The Italian troops at this time were still ambling around the village, enjoying the novelty of moving unguardedly in the daylight and basking in whatever glory accompanied an unchallenged triumph. Many soldiers
were gathered near the spring, splashing water on their faces, rinsing their shirts, and some were even jumping naked into the shallow water for a bath or a short swim. Muffo and Branca were wallowing in the water, and Antonio, after slipping his book into a compartment of his knapsack, wandered over to join them. It was not quite noon, the sun was burning brightly over the snowcapped mountains, and the sergeant had not yet blown his whistle.

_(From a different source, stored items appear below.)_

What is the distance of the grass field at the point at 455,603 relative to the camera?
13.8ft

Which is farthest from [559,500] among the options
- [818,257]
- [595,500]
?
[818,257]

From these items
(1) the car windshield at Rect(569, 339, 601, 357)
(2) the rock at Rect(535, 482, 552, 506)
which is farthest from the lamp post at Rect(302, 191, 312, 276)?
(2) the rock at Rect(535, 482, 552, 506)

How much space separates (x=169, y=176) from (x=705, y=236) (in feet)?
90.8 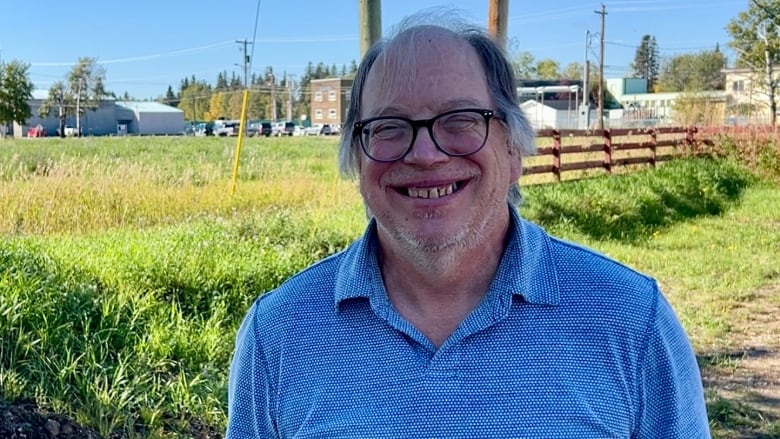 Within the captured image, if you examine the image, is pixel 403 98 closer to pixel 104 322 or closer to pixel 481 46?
pixel 481 46

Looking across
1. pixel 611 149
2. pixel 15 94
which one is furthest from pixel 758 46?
pixel 15 94

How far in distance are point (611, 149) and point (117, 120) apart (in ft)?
257

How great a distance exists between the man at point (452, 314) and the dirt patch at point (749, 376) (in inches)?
124

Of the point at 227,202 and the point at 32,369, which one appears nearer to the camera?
the point at 32,369

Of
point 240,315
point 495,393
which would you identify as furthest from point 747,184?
point 495,393

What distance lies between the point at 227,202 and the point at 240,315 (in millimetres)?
6135

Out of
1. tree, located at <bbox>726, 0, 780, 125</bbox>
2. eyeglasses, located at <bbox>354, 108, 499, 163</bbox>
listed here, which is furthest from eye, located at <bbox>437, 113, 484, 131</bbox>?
tree, located at <bbox>726, 0, 780, 125</bbox>

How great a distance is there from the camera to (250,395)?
5.74 feet

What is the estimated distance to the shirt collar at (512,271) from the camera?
1650 mm

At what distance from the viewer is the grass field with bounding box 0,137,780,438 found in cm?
399

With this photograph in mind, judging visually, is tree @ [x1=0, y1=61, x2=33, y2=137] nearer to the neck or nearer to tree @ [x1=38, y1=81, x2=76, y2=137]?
tree @ [x1=38, y1=81, x2=76, y2=137]

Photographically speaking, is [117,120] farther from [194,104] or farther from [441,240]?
[441,240]

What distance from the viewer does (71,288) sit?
495cm

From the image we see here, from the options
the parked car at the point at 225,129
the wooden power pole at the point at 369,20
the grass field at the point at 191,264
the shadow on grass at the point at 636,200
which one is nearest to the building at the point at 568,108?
the shadow on grass at the point at 636,200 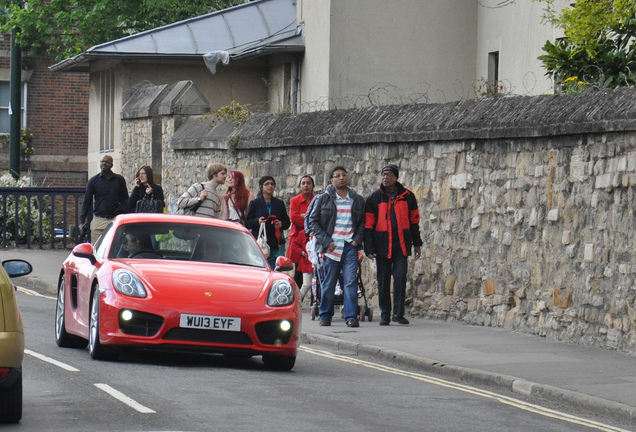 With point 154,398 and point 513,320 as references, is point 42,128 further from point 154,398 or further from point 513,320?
point 154,398

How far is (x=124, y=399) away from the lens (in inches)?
343

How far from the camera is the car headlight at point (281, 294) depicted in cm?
1093

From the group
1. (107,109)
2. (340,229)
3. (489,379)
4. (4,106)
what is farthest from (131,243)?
(4,106)

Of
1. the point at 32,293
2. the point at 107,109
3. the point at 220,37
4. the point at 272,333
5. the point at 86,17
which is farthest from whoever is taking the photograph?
the point at 86,17

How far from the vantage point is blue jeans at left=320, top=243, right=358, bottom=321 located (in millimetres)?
14969

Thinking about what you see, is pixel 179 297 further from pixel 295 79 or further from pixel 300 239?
pixel 295 79

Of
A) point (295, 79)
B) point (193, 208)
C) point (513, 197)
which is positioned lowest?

Slipping off his knapsack and unbuttoning his shirt, Antonio watched his naked friends for a moment, enjoying the sight of the fun they were having as the water cascaded over their laughing faces and flailing arms; and since the water was only waist-deep, Antonio confidently prepared for what would be another affront to his hydrophobia. But as he was about to climb over a granite ledge into the basin, the water suddenly stopped coming down; a barricade of timber had been laid. Antonio and the others looked up, squinting in the sun. There, at the top of the cliff, a few hundred feet above their heads, was a row of helmeted enemy soldiers with guns, their view now unimpeded.

Then the bullets and grenades rained down, and explosions blasted through the water, setting off flying rocks and clouds of smoke streaked with yellow flame. As the Italians hurled themselves screaming out of the basin, tumbled to the ground, and raced for cover toward the forest, Antonio ran behind them—but not before he had seen Muffo and Branca disappear into the basin, their bodies riddled with bullets, darkening the color of the water that trickled over the mountainside.

25.

T
he surprise attack that killed Muffo, Branca, and two other soldiers in Antonio’s unit and injured half a dozen more was one of many setbacks suffered by Italian reconnaissance patrols in the early summer of 1915; and things only worsened in the weeks and months ahead, as the big battles began—battles characterized by the attempts of thousands of mountain-climbing Italians to scale the strategic peaks and topple the enemy perched along the jagged and crusty four-hundred-mile front. But it soon became apparent that more Italians were being shot down than were charging up, and the casualty figures at the end of the year shocked
the nation. More than 62,000 Italian soldiers were dead, 170,000 were injured, and Italy had nothing to show for it except mortification and grief. The Austrians still controlled the dominant cliffs, and there was no reason to believe that this situation would change.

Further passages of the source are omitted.